Wood’s 30 sparks a Pistons rally, but Utah hangs on to repel another comeback
Chris Schwegler (NBAE/Getty)
DETROIT – Jordan McRae gave the Pistons signs he was a quick study when he scored 15 points in his debut despite arriving at Little Caesars Arena with barely enough time to introduce himself to new teammates.
He cemented that impression by accurately dissecting the most vexing problem his new team confronts with the season down to its final 18 games.
“We started off slow. We’ve got to stop putting ourselves in holes,” McRae said after the Pistons twice came back – from 22 down in the first half to tie early in the fourth quarter, then from 16 down midway through the quarter to within three points with 42 seconds left – in Saturday’s 111-105 loss to Utah. “Some of these guys are All-Stars, best players in the world. Being down (22) and try to battle back is tough, so we’ve got to stop doing that.”
If the Pistons were in a playoff drive, such habits would be especially troubling. But that’s not where they find themselves. Dwane Casey’s soul isn’t salved by moral victories, either, but the fight he continues to get from a team beset by injuries before being radically remade at mid-season by trade and buyouts is a quality he’ll gladly carry over to a future when they find themselves with a roster better built for winning.
“We did some good things,” he said. “To get back in the game was really good for our guys. We have a lot of fight. Just making the big plays at the right time – that’s the name of the ballgame.”
Nobody did more to get them back in the game than Christian Wood, who set a new career high for the second straight game. Wood scored 29 on Wednesday’s loss to Oklahoma City – another game where the Pistons clawed back from a big deficit only to lose narrowly – and came back with 30 against Utah and the game’s dominant defensive big man, Rudy Gobert.
“My mindset has been attack, take advantage of the opportunity,” Wood said. “With (Derrick Rose) gone, I’ve got to be one of the first options for the team. I think I’ve been doing a good job of that and helping my team score.”
There wasn’t nearly enough balance of outside punch this time. The Pistons were held to 39 first-half points, drawing only four fouls on Utah in the process – a sign of the way Utah took aggression away from the Pistons. They hit only 9 of 30 3-point shots – not enough attempts for Casey’s liking and surely not enough makes.
“We weren’t touching anybody,” Casey said. “We have to be physical. They were handsy and getting into us. We have to turn around and do the same thing. We weren’t aggressive enough in the first quarter.”

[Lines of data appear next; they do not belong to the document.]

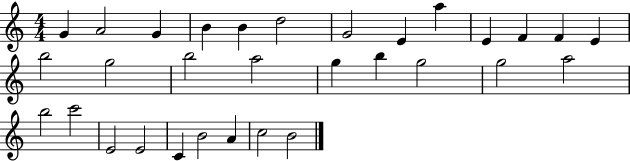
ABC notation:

X:1
T:Untitled
M:4/4
L:1/4
K:C
G A2 G B B d2 G2 E a E F F E b2 g2 b2 a2 g b g2 g2 a2 b2 c'2 E2 E2 C B2 A c2 B2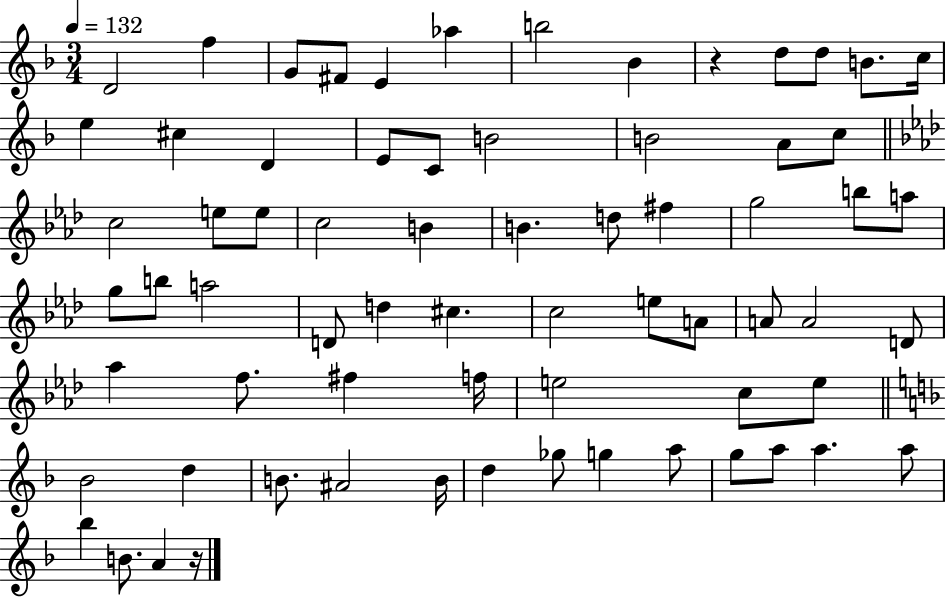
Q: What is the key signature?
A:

About the only thing Wood didn’t accomplish was making a three, going 0 of 5 from the arc. He had seven dunks, showing a nice pick-and-roll chemistry with Bruce Brown – who returned after missing four games with a knee injury – especially during the second-half comeback. Brown finished with five points, five rebounds and seven assists.
“Christian’s going off now,” Brown said. “They’ll probably stay with him now and I’ll have easy layups. It just depends on how they guard, but they were stepping up so I was throwing to him, making the right play.”
McRae has seen nothing but Wood dominance since joining the Pistons, 59 points in two games for his old G League teammate in Delaware.
“He’s playing at an incredible level right now,” McRae said. “He’s upset he didn’t hit a three, but it’s all right. You had 30. You did everything you could for us. Right now he’s in a flow and a rhythm.”
Wood will be a free agent at season’s end and he’s done pretty much everything in his power to make his case for a return. Casey played him all but three minutes of the second half, but Utah made the Pistons pay by outscoring them by nine during their 18-2 fourth-quarter run.
“I really liked the way he got in there and mixed it up in the paint,” Casey said. “We’ve just got to get some other guys in there to help him. He needed a blow. I didn’t want to take him out, but he needed a blow when they went on that run.”